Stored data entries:
────

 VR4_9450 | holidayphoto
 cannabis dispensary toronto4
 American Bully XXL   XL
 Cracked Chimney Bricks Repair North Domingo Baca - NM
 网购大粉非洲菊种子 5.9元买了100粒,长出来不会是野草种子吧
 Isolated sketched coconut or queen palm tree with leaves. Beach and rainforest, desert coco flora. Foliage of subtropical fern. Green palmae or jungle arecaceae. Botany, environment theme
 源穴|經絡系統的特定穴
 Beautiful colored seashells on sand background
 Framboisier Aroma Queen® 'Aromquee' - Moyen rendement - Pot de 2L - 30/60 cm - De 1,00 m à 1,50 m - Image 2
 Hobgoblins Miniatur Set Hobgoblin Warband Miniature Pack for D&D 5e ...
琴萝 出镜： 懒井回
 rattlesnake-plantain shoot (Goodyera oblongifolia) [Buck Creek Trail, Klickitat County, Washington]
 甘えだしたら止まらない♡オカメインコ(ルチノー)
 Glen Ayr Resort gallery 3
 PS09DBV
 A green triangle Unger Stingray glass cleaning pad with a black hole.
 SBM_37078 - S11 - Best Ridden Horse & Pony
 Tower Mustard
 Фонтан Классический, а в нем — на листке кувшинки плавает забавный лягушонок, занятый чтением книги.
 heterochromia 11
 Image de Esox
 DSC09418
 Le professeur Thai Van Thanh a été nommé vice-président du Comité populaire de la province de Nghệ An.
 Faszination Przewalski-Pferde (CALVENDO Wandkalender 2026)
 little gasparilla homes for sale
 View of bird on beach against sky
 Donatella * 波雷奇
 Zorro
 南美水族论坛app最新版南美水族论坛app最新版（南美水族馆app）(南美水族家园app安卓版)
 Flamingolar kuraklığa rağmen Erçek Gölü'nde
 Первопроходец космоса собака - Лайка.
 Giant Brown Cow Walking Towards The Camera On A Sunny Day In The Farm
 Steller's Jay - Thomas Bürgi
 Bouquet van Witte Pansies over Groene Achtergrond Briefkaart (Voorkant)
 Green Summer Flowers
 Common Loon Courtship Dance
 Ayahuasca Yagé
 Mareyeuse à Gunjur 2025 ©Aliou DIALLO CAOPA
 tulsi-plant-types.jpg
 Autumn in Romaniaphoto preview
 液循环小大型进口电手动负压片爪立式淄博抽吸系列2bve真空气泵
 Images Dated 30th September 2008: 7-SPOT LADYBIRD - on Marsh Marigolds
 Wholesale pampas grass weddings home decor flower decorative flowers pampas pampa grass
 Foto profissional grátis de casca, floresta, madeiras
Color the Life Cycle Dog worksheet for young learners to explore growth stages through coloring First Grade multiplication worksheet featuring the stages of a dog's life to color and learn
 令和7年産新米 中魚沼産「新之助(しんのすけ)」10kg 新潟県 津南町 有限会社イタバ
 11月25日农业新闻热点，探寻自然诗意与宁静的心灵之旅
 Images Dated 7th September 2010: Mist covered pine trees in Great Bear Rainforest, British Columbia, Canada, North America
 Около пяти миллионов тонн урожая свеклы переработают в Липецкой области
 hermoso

────

# Exercise directions
All lines in the records that contain "North" are to be copied and returned.

# Your solution
 Cracked Chimney Bricks Repair North Domingo Baca - NM
 Images Dated 7th September 2010: Mist covered pine trees in Great Bear Rainforest, British Columbia, Canada, North America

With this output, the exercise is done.